## Task details
Here the job is to repeat the listing exactly, but not the pictures in it.

## Given data

● ● ● ● ●

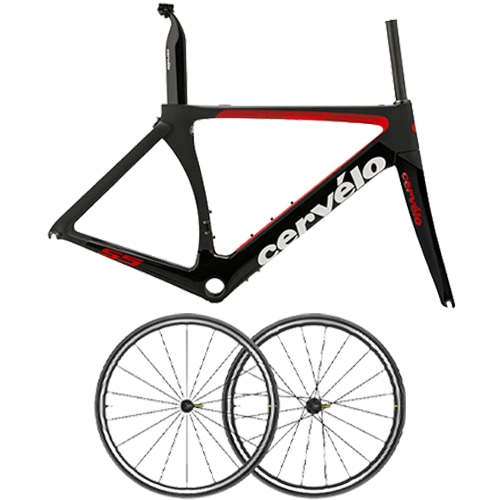 【台数限定早い者勝ち！】 Cervelo ( サーベロ ) S5 フレームセット ブラック / レッド 56 & MAVIC ( マヴィック ) KSYRIUM エリート 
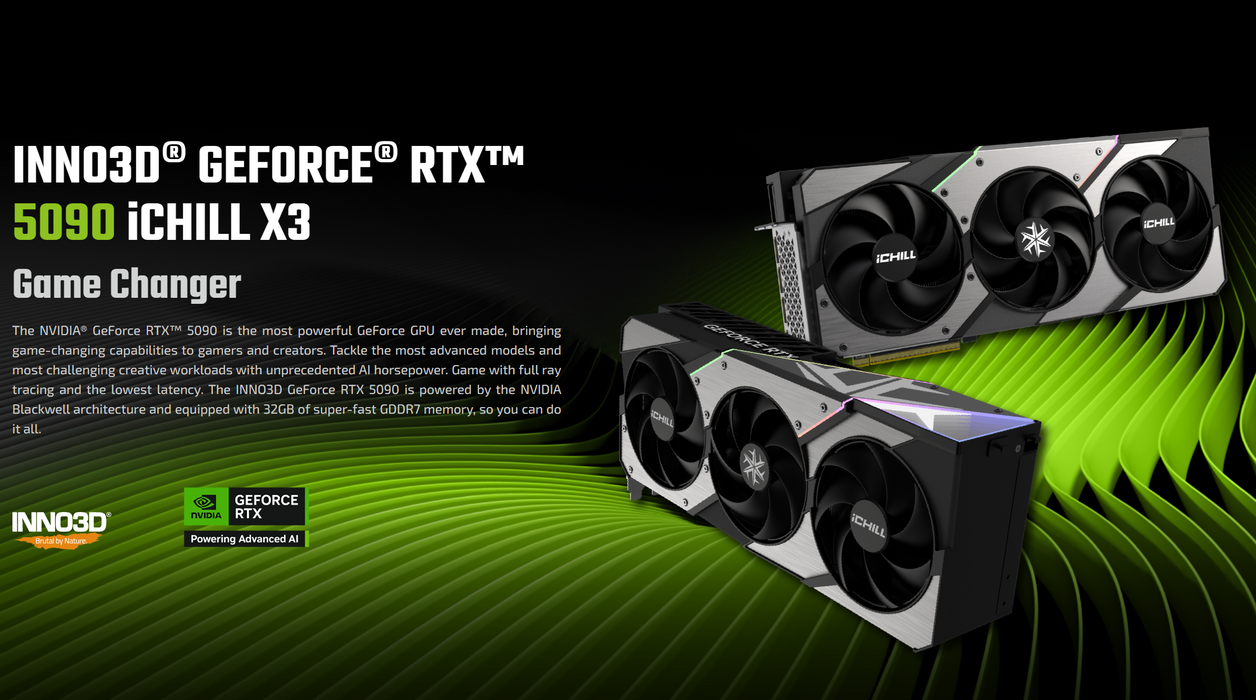 INNO3D GeForce RTX™ 5090 iCHILL X3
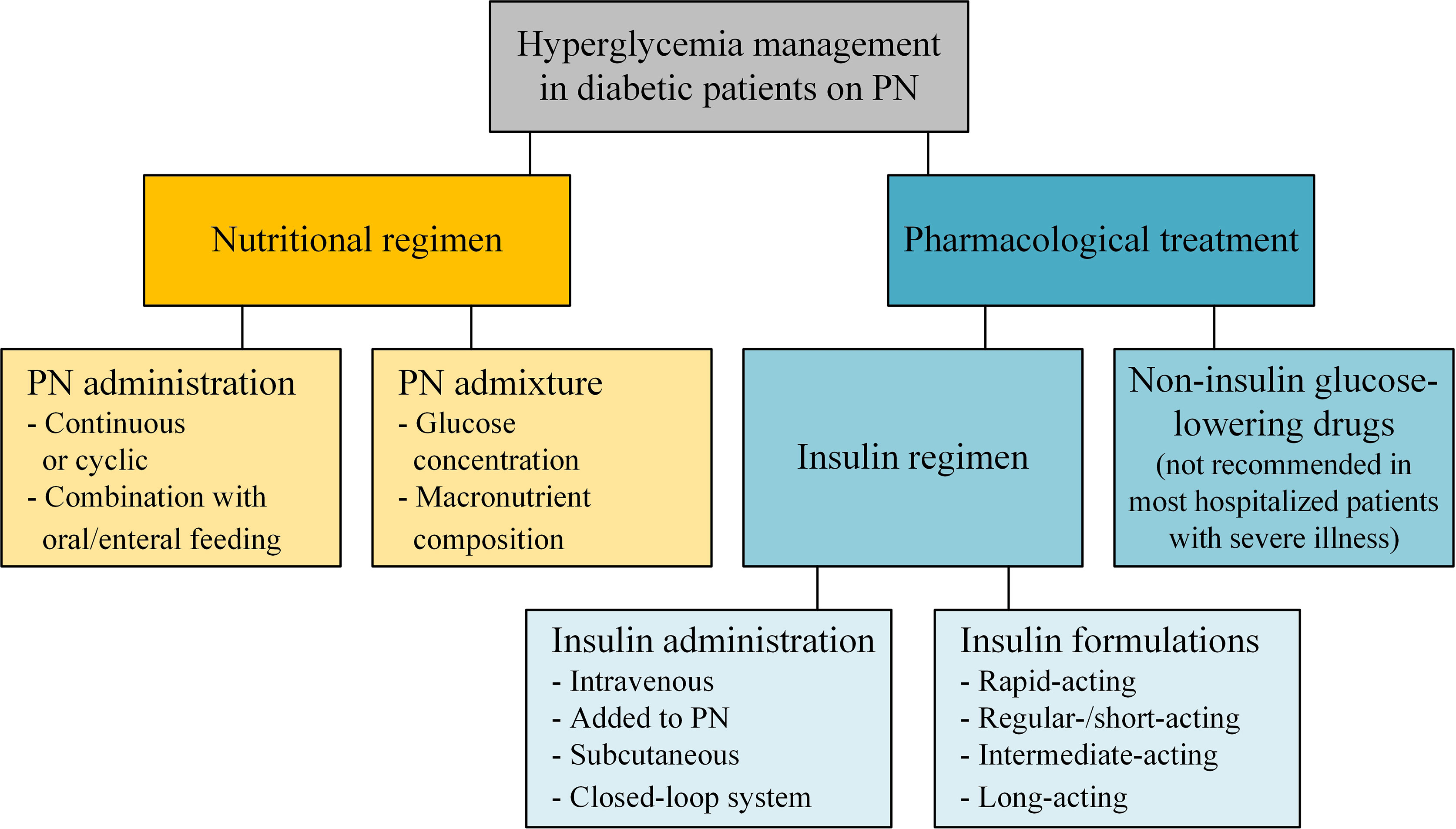 Type 1 diabetes glycemic management: Insulin therapy, glucose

● ● ● ● ●

## Solution for this task
 【台数限定早い者勝ち！】 Cervelo ( サーベロ ) S5 フレームセット ブラック / レッド 56 & MAVIC ( マヴィック ) KSYRIUM エリート 
 INNO3D GeForce RTX™ 5090 iCHILL X3
 Type 1 diabetes glycemic management: Insulin therapy, glucose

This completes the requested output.